Farmers say with the direct seeding technique, they require more seeds and have to spray weedicides twice, so the input cost doesn’t reduce as is being advertised by the department. “We have to use at least 8 kg of seed using the direct seeding method in comparison to 3 kg of seed in manual transplantation. This year some private shops charged up to Rs160 per kg for seeds. So the cost of seeds alone has increased by more than double. Accounting for the expenses on spraying of weedicides and wages to labourers, the cost remains almost the same,” said Sandeep Singh, a farmer.
He said in direct seeding, many farmers were facing the problem of low germination at places in fields, as a result they had to manually plant saplings.
Though farmers are more enthusiastic about mechanical transplanting than direct seeding, they said the non-availability of sufficient machines is a problem. “The machines are a more practical alternative to manual transplanting but most farmers do not have these.

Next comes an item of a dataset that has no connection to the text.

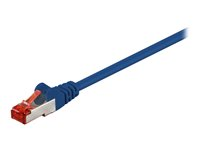 MicroConnect nätverkskabel - 25 cm - blå B-FTP60025B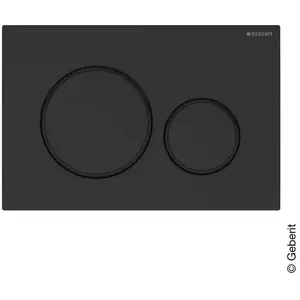 Geberit Sigma20 - Plaque de déclenchement Sigma 20, blanc mat/chrome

Besides, farmers have not yet seen many successful trials,” said Kuljit Singh, another farmer.
Chief Agriculture Officer Gurdial Singh Bal said: “Those farmers who do not have experience of direct seeding or mechanical transplanting should first apply these alternates on a small chunk of their land. They can experiment it on one-fourth of their land holding. It would give them experience and hands-on training.” Many farmers were using the alternate technique, he said.